Problem details.
The data below should be copied out exactly, with its pictures omitted.

Exercise data.

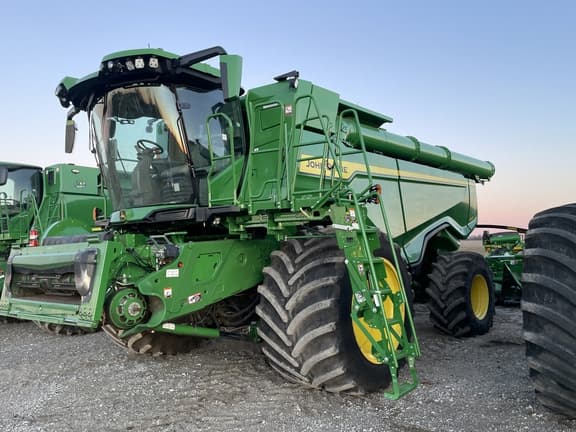 Image of John Deere X9 1100 Primary image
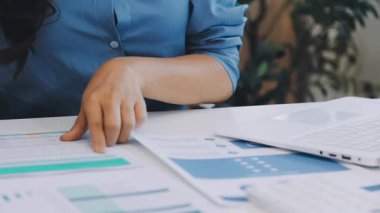 İş adamları toplantı ve planlama konferansında tartışır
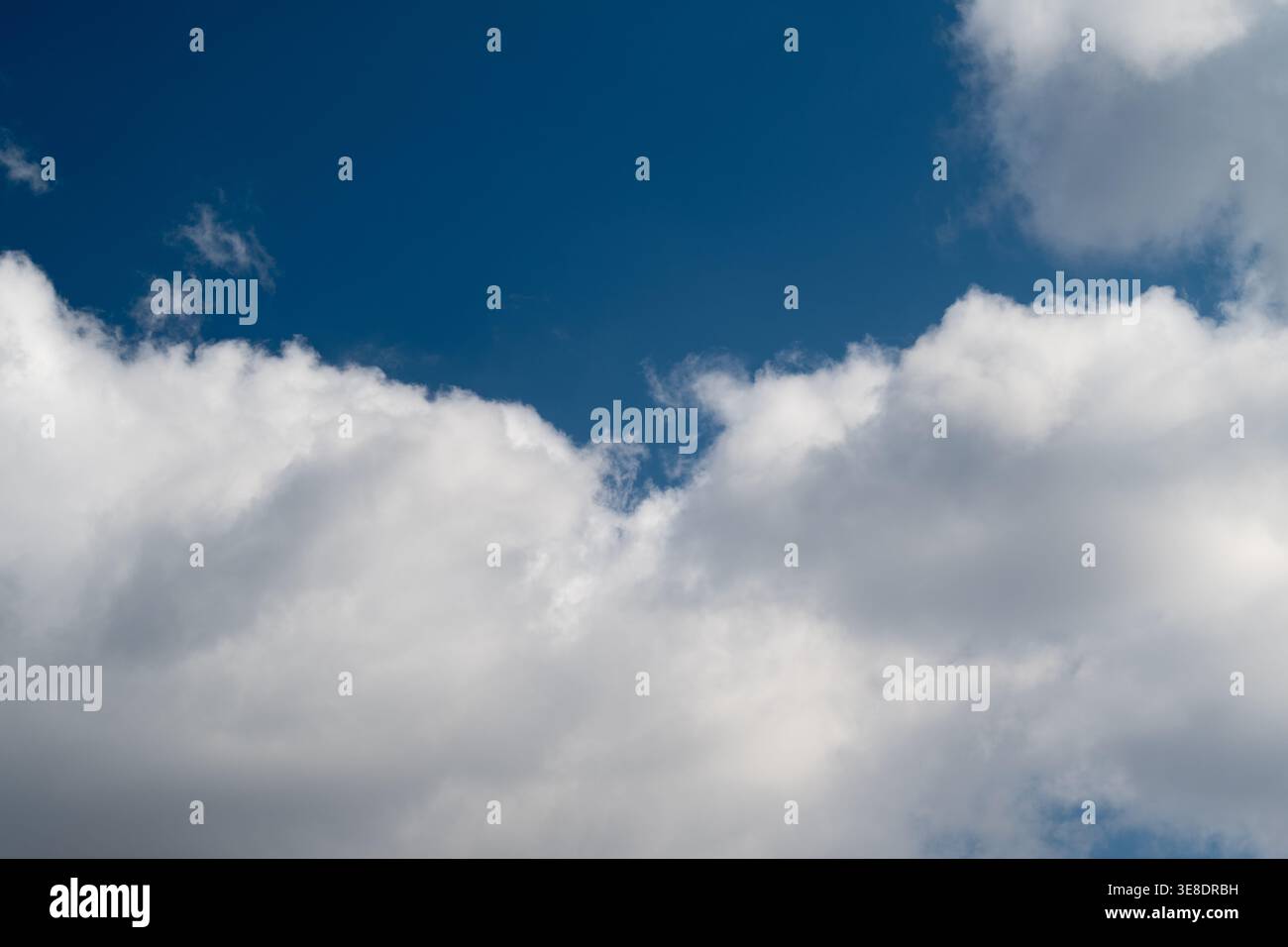 Spettacolare banco nuvoloso contro il cielo profondo, pesanti strati di cumulo, toni scottanti, sensazione di tempesta in avvicinamento, bordi testurizzati, illuminazione ad alto contrasto, cinema Foto Stock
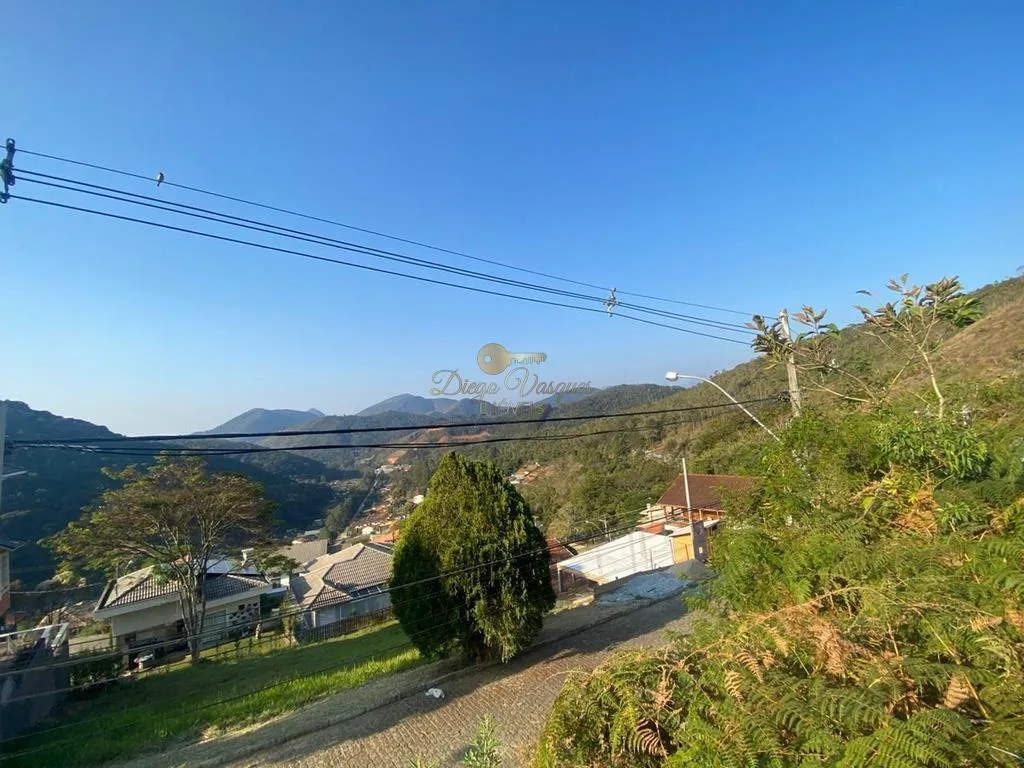 Imagem Terreno em Condomínio para Venda em Teresópolis / RJ no bairro Albuquerque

Result of this task.
 Image of John Deere X9 1100 Primary image
 İş adamları toplantı ve planlama konferansında tartışır
 Spettacolare banco nuvoloso contro il cielo profondo, pesanti strati di cumulo, toni scottanti, sensazione di tempesta in avvicinamento, bordi testurizzati, illuminazione ad alto contrasto, cinema Foto Stock
 Imagem Terreno em Condomínio para Venda em Teresópolis / RJ no bairro Albuquerque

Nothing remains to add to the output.